> EXERCISE REQUIREMENTS:
Only an exact repeat of the listing, without its images, counts as the answer.

> DATA FOR THE TASK:
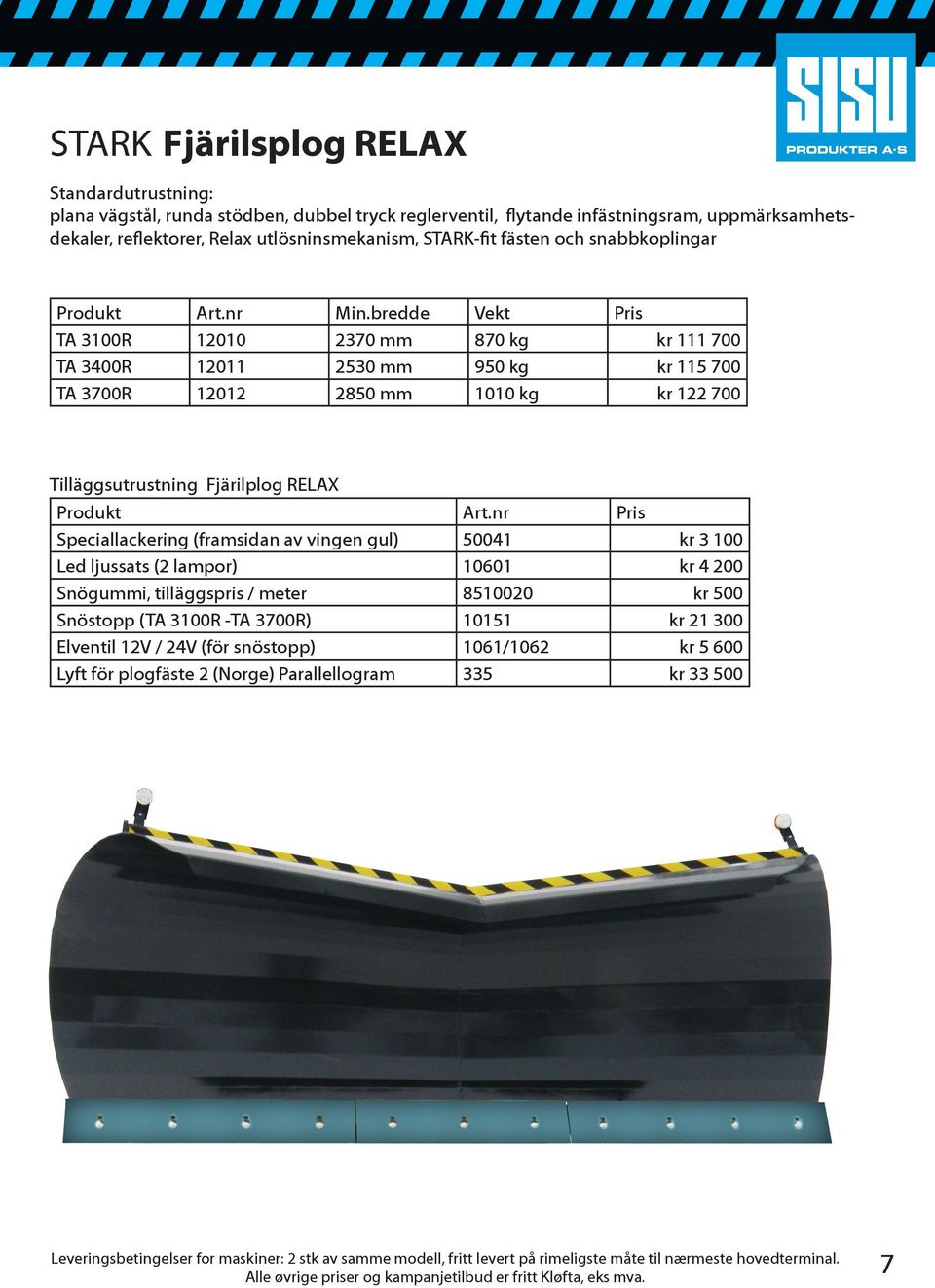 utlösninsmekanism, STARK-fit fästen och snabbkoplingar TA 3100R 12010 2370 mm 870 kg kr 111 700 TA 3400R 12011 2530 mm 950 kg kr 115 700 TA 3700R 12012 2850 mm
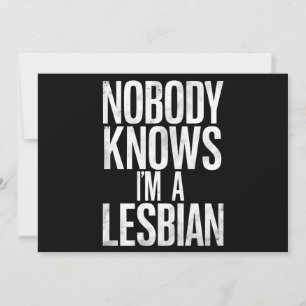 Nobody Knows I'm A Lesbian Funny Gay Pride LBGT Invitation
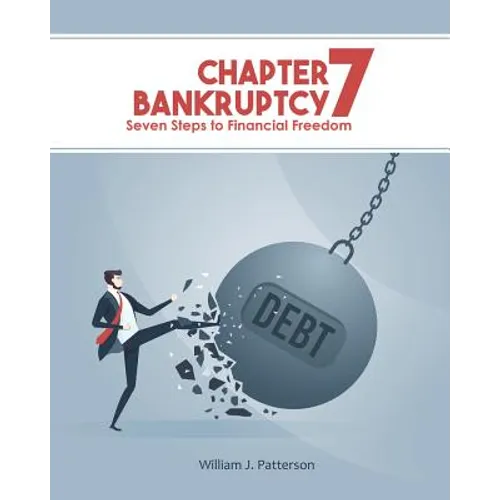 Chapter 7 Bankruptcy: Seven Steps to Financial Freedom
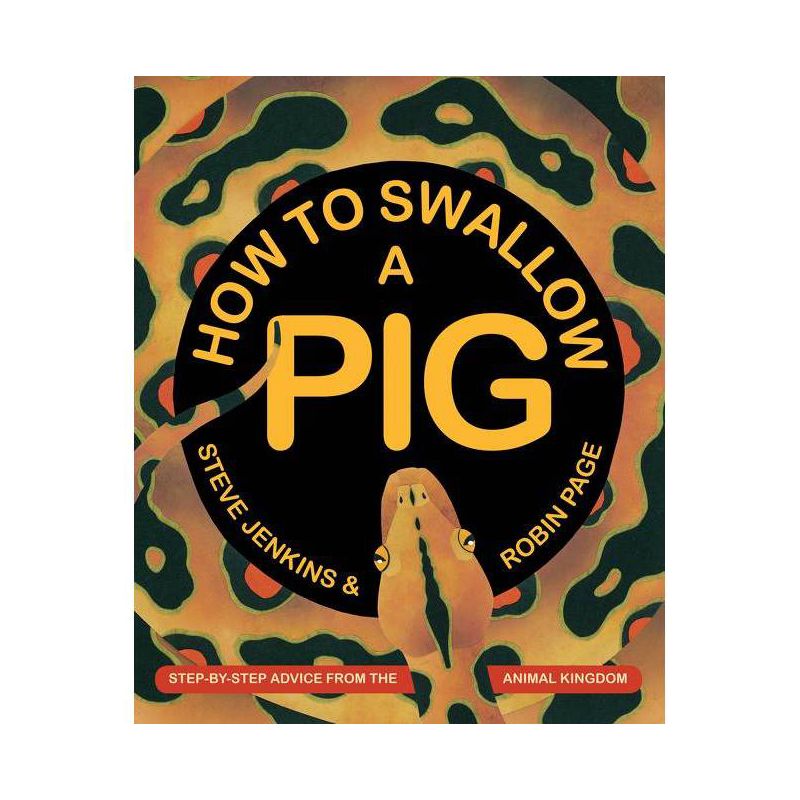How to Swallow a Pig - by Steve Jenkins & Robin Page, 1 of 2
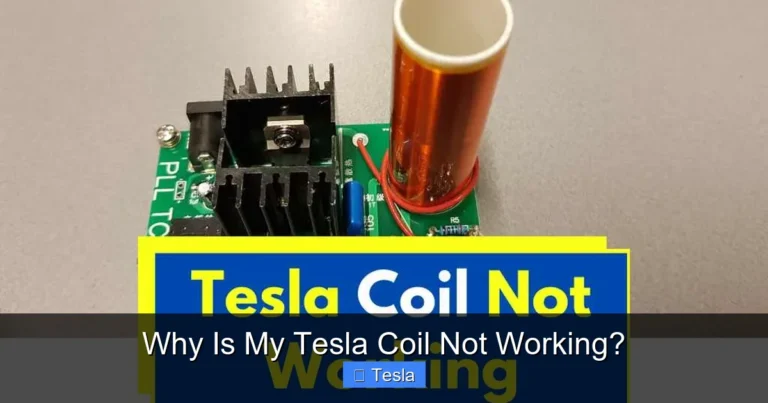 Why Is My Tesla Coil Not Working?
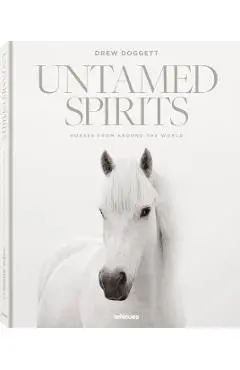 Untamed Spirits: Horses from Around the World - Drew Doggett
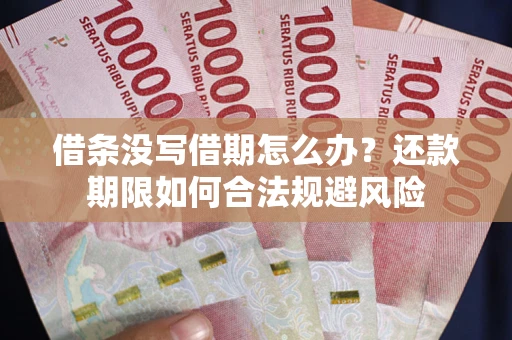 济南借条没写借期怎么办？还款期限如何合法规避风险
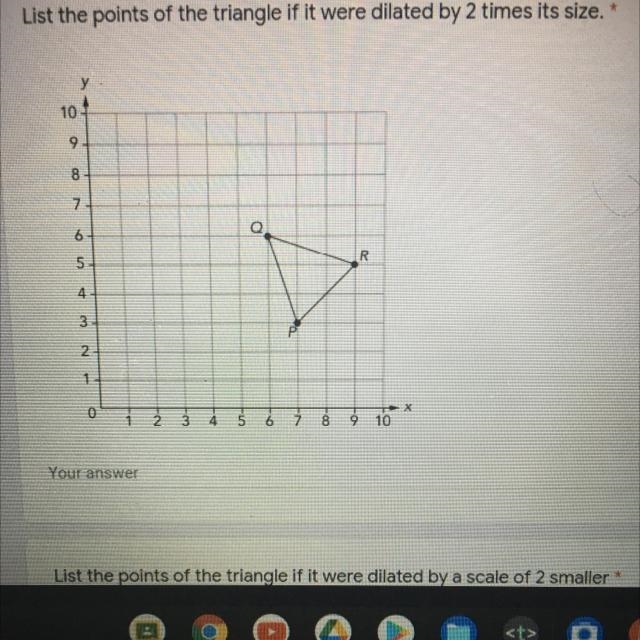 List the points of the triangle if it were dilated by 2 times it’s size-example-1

> EXERCISE RESULT:
 utlösninsmekanism, STARK-fit fästen och snabbkoplingar TA 3100R 12010 2370 mm 870 kg kr 111 700 TA 3400R 12011 2530 mm 950 kg kr 115 700 TA 3700R 12012 2850 mm
 Nobody Knows I'm A Lesbian Funny Gay Pride LBGT Invitation
 Chapter 7 Bankruptcy: Seven Steps to Financial Freedom
How to Swallow a Pig - by Steve Jenkins & Robin Page, 1 of 2
 Why Is My Tesla Coil Not Working?
 Untamed Spirits: Horses from Around the World - Drew Doggett
 济南借条没写借期怎么办？还款期限如何合法规避风险
 List the points of the triangle if it were dilated by 2 times it’s size-example-1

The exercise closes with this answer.